The primary purpose of this filter is in conjunction with the
KeywordRepeatFilterFactory and a stemmer, to remove the tokens that did not
produce a stem from the original token, so the keyword duplicate is no
longer needed. The goal is to index both the stemmed and unstemmed terms at
the same position.
Whether your app is using the filter for that purpose remains to be seen.
Removing duplicates from the raw input token stream would impact the term
frequency.
-- Jack Krupansky
-----Original Message-----
From: Dotan Cohen
Sent: Friday, May 24, 2013 3:03 AM
To: solr-user@lucene.apache.org
Subject: Why would one not use RemoveDuplicatesTokenFilterFactory?

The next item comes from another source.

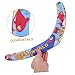 ibasenice Outdoor Fun Boomerang Toy Thick Soft Flying Disc for Boys and Girls for Beach and Backyard Games Encourages Active Play and Family Bonding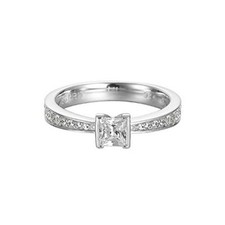 Esprit Damen Ring Silber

I am looking through the schema of a Solr installation that I
inherited last year. The original dev, who is unavailable for comment,
has two types of text fields: one with
RemoveDuplicatesTokenFilterFactory and one without. These fields are
intended for full-text search.
Why would someone _not_ use RemoveDuplicatesTokenFilterFactory on a
field intended for full-text search? What are the drawbacks to using
it? This application is very, very write heavy (hundreds of writes per
minute) if that matters. It was running on websolr.com at the time,
I've now moved it to Amazon Web Services.
Thanks.
--
Dotan Cohen
http://gibberish.co.il
http://what-is-what.com